AI model increased graduate management education program enrollment by 19%.

Client

A nonprofit organization dedicated to facilitating connections between candidates interested in graduate management education and degree programs globally.

Objective

The client aimed to develop an AI model to help candidates interested in graduate management education navigate the space of business education providers and get research-based recommendations.

Solution

Data Analysis and Preparation

We started by collecting and analyzing data from both students and schools. The student dataset included demographics, academic performance, interests, and location, while the school dataset comprised academic programs, facilities, and various other performance metrics.
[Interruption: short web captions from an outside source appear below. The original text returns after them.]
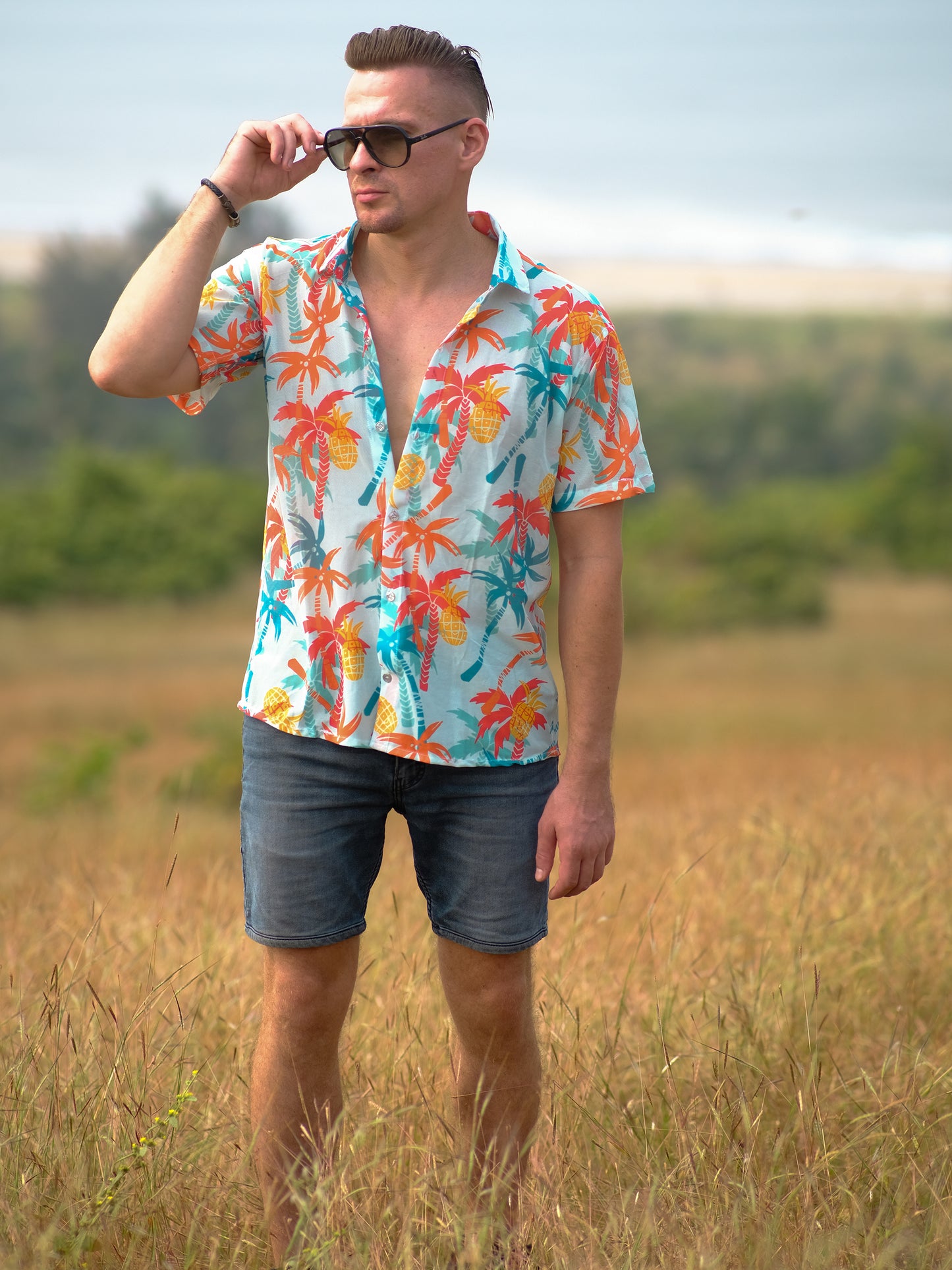 Men's Tropical Oversize Printed Travel Shirt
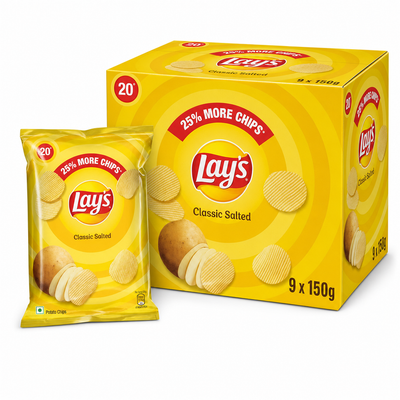 Lays 150g Classic Salted Box featuring a pack of Classic Salted potato chips with a box of 9 x 150g.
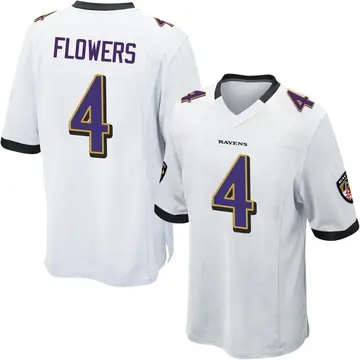 White Men's Zay Flowers Baltimore Ravens Game Jersey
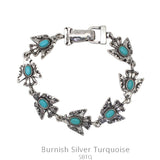 Silver Thunderbird with Turquoise stones bracelet with magnetic clasp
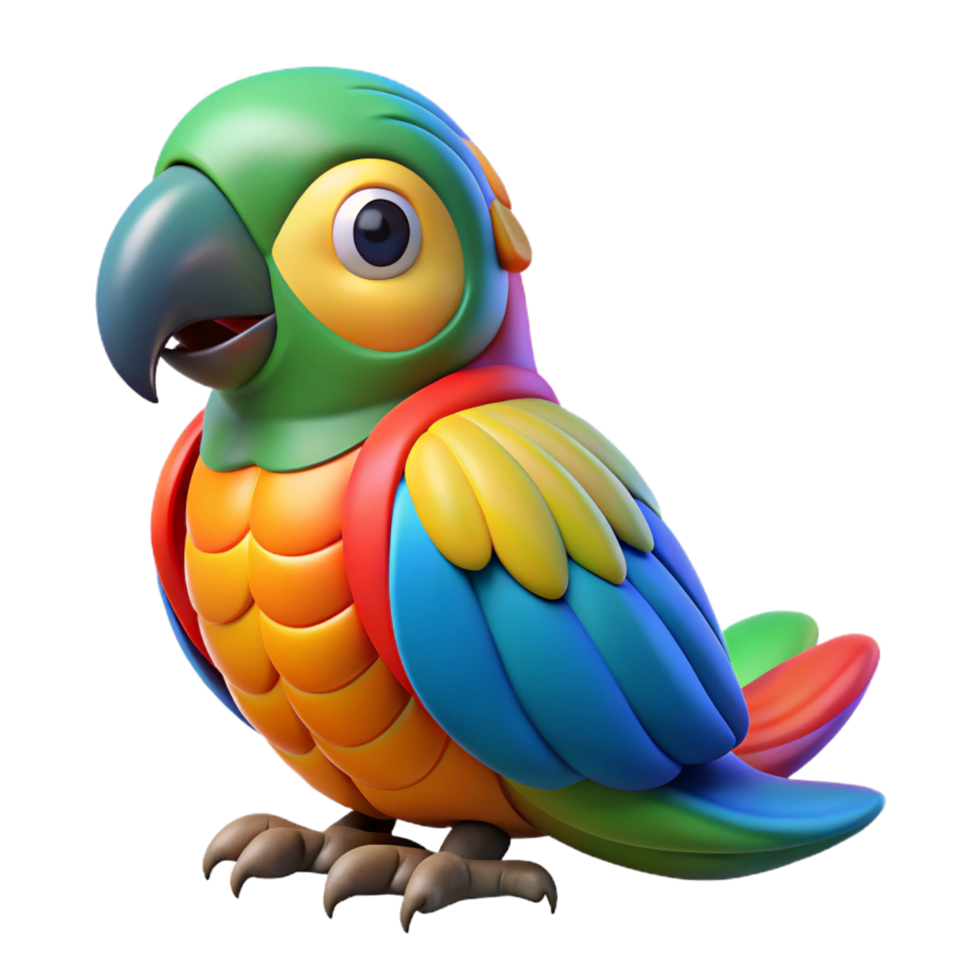 extraordinary minimalist Colorful parrot, preening feathers, high resolution png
Using exploratory data analysis (EDA), we identified patterns and cleaned the data, handling missing values, encoding categorical variables, and assigning compatibility scores.

Feature Engineering

Key features were engineered to enhance predictive power:

  • Distance to School: Calculated using the Haversine formula to assess commute feasibility.
  • Academic Fit: Compatibility score based on student grades and school admission criteria.
  • School Performance: Included graduation rates and test scores to measure school quality.
  • Student Preferences: Transformed survey data on preferences into quantifiable features.

Model Selection and Training

We selected a supervised learning approach and tested several algorithms, including logistic regression, decision trees, random forests, and gradient boosting machines (GBM). The model was trained using a labeled dataset of historical matches and optimized through grid search for hyperparameters.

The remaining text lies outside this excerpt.